Which brings up a point about all the old classic Godzilla movies: The best ones take themselves only seriously enough.
They recognize there is an inherent absurdity to their stories, and while sometimes they run off the rails going for the kid market approach, all of them approach their stories with a sense of fun.
While they weren’t cheap, they didn’t get bogged down by tons of onscreen detail and sensory overload. It is possible to spend too much on a project, to make it too big for itself.
There’s nothing in Pacific Rim that couldn’t have been done a whole lot better and with a whole lot more appeal in a more modestly budgeted all-CGI family film like Despicable Me or The Incredibles or Megamind or Monsters Vs Aliens.
Indeed, there are times when Pacific Rim seems like it was drenched in Fun-A-Way.
And by the way, can we also agree that Pacific Rim is a lousy lousy lousy title for a kaiju movie, in fact for any movie other than a surfing documentary?
I’m not really all that negative about Pacific Rim, just…disappointed. Guillermo del Toro did a good job directing, but it’s really the least of all his works. Travis Beacham wrote an okay script with some good, funny supporting characters, some smart stuff, a couple of clunkers, but a real 1: By 2: The 3: Numbers 4: Plot.
And I understand the studios’ concern re the story: They’re sinking an ungodly amount of money into a story and they want to maximize their chances of recouping it, so they’re reluctant to present their audience with anything but the most basic copy-Aliens-playbook.
Which is a pity, because I kept hoping for a really radical ending, one where the hero manages to communicate with the kaiju and peacefully negotiate an end to their attacks…or else learn that the “Mitt Romney” and “Dick Cheney” characters were secretly selling out humanity to the monsters.
So let me say I liked Pacific Rim.
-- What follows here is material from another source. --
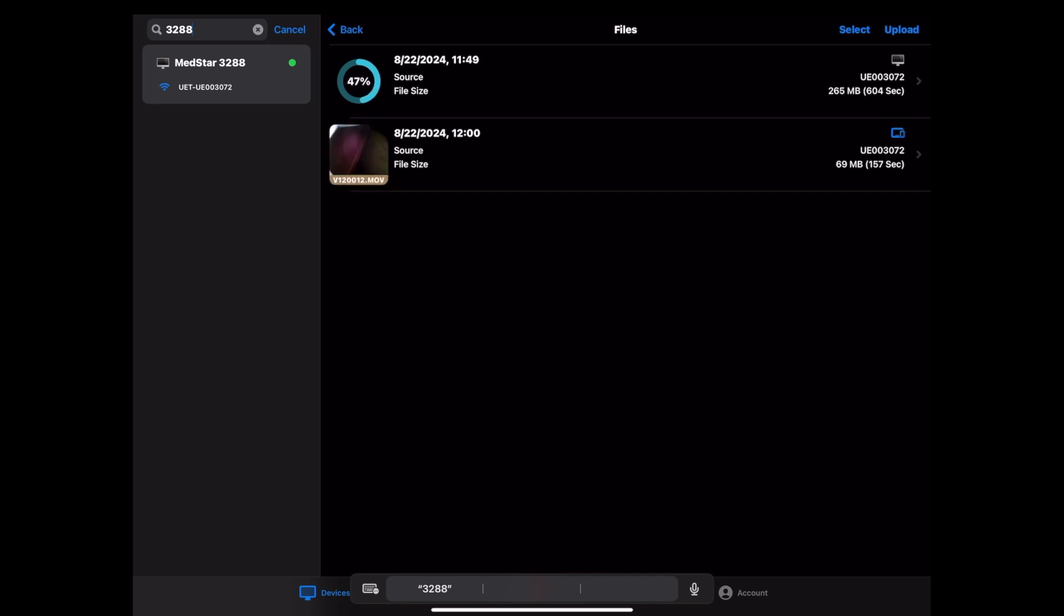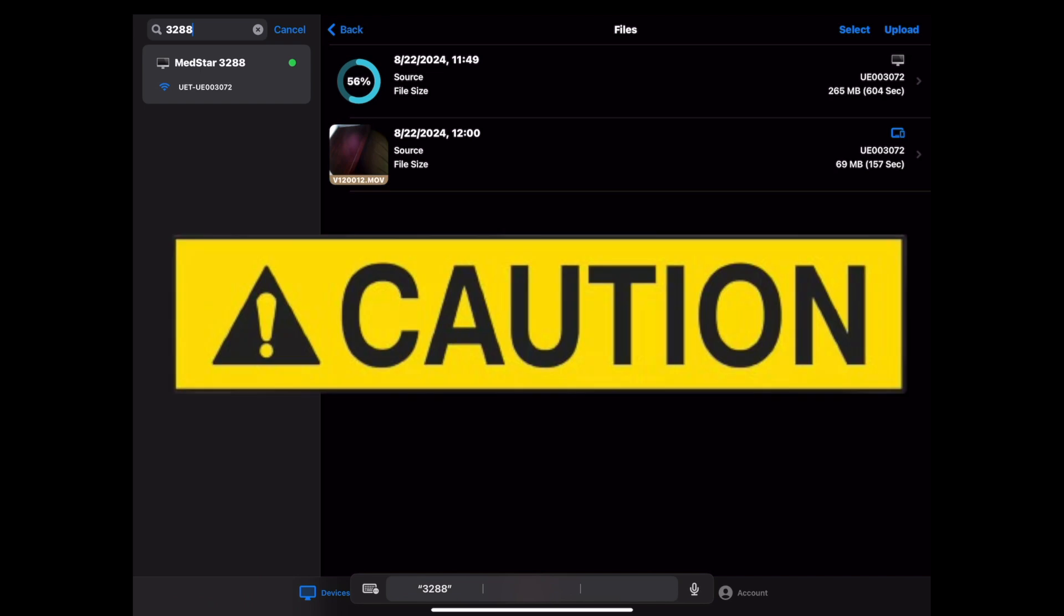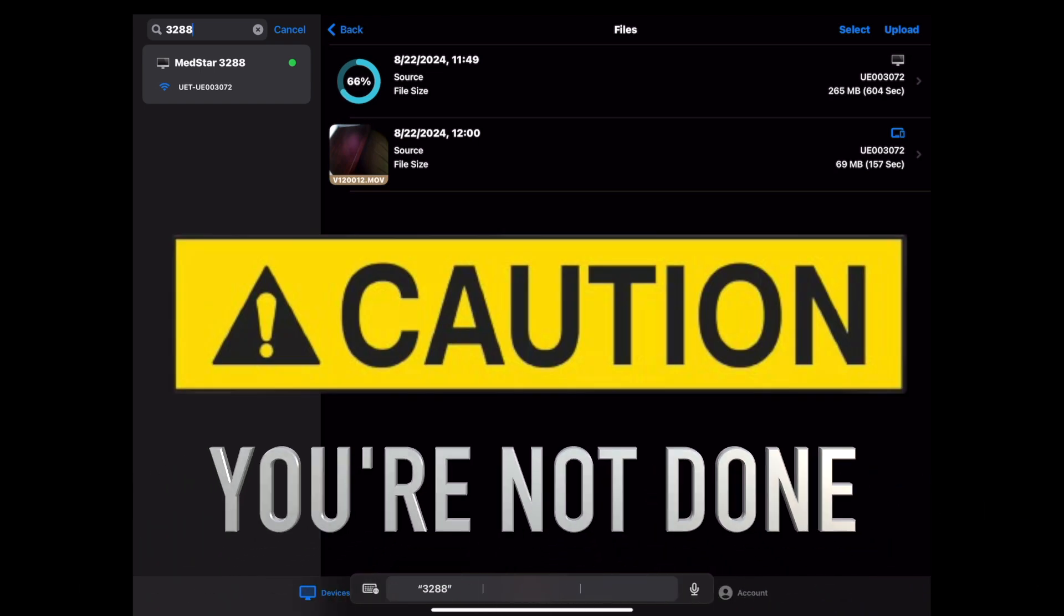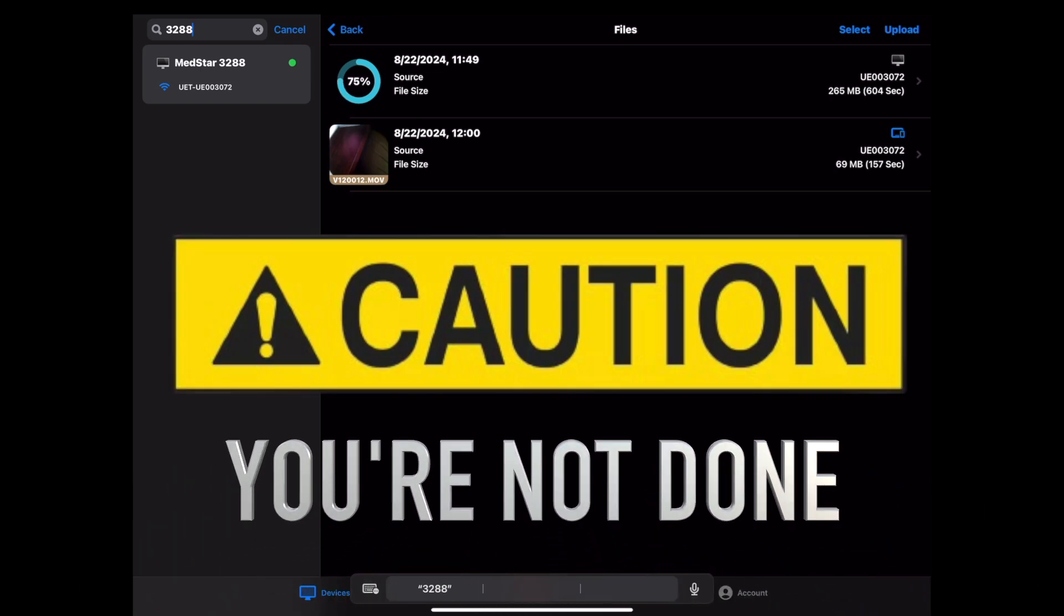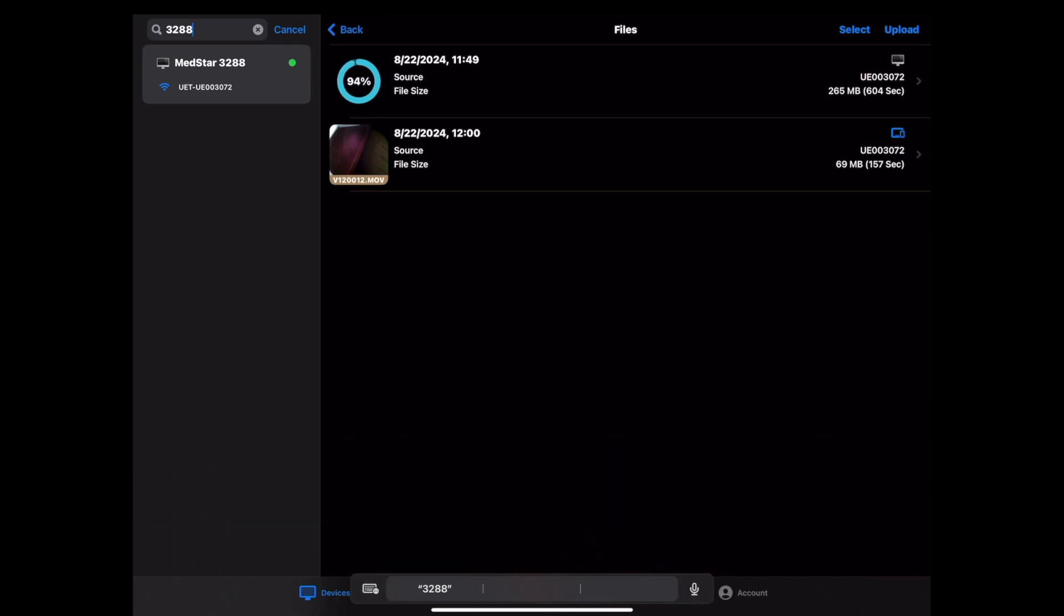A big caution here. You are not done once you see the videos have been loaded onto the app. This is only local copies and these are immediately deleted at the end of the session. You must continue with the full upload process to the VL cloud site for files to be retained and available to the OMD quality team.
I had a good time. I don’t regret shelling out a ten spot to see it.
But will I ever watch it again?
I dunno…mebbe…probably not if I can re-watch Godzilla or Gorgo or Destroy All Monsters instead...
I can show you yet another CGI pic of robots smacking kaiju with supertankers, or I can just show you the most interesting thing in the movie...
 I use the term “kaiju” [literally “strange creatures”] to differentiate the skyscraper size behemoths popularized by the Japanese vs American style giant monsters (King Kong, Jurassic Park, etc.), which are relatively plausible insofar as dinos and large land mammals on that scale once existed, and big bug movies, which blow tiny creatures up to gigantic proportions but disregard the square-cube law.
 Which places it at about #15 or #16 on the all time great list
 It doesn’t help that the three most entertaining human characters in the movie -- Newt (Charlie Day), Gottlieb (Burn Gorman), and Hannibal Chau (Ron Perlman) -- don’t even appear in the trailers despite the fact they do everything short of backing a flat bed tractor trailer up to the studio & making off with this film.
 There was one that looked like a big monkey. Kinda. And another one sprouted wings and flew, which was okay, I guess. And then there was a really, really big one. It doesn’t help that almost all the battles are fought in low light conditions w/extremely poor visibility, edited together in between frequent Starbucks runs by a team of caffeine addicted ferrets w/ADD.
 They sure can melt down and cause all sorts of havoc with conventional steam pressure explosions and fires…
 Including the 1984–1995 Heisei series and the 1999–2004 Millennium series
 Or a porn movie. Or a surfing porno.